— Recorded data —
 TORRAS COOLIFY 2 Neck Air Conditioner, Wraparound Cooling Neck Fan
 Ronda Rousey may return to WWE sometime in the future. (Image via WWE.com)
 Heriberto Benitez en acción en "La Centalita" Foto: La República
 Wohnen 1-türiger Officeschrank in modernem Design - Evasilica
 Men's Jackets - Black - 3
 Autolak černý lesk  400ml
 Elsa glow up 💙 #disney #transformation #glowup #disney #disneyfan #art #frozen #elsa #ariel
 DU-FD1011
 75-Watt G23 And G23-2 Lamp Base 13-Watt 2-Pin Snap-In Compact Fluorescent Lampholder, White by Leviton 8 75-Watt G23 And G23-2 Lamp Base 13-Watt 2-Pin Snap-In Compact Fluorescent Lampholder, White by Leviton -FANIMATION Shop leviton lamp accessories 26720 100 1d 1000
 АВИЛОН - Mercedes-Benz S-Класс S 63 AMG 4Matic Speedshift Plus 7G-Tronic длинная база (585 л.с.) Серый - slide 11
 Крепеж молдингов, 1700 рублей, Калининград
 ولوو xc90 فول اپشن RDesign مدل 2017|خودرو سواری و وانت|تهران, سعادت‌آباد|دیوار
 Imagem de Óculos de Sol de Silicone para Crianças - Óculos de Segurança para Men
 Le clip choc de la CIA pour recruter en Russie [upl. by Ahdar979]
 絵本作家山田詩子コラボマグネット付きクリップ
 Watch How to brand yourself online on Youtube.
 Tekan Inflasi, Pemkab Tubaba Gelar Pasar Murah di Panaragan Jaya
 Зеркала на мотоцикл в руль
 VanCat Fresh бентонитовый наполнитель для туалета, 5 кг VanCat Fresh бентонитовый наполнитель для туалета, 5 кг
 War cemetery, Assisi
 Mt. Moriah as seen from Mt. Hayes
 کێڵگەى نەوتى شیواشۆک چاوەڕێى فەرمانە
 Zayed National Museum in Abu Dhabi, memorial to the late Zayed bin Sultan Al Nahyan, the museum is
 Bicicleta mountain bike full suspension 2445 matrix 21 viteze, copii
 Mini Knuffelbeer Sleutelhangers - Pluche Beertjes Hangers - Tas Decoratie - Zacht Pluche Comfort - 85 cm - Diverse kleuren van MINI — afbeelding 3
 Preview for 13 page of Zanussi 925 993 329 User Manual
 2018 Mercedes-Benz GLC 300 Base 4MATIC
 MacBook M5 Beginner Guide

— Your assignment —
Print, exactly as written, the first line of the records above and each line after it until the line with "Autolak černý lesk", which is printed too.

— Answer box —
 TORRAS COOLIFY 2 Neck Air Conditioner, Wraparound Cooling Neck Fan
 Ronda Rousey may return to WWE sometime in the future. (Image via WWE.com)
 Heriberto Benitez en acción en "La Centalita" Foto: La República
 Wohnen 1-türiger Officeschrank in modernem Design - Evasilica
 Men's Jackets - Black - 3
 Autolak černý lesk  400ml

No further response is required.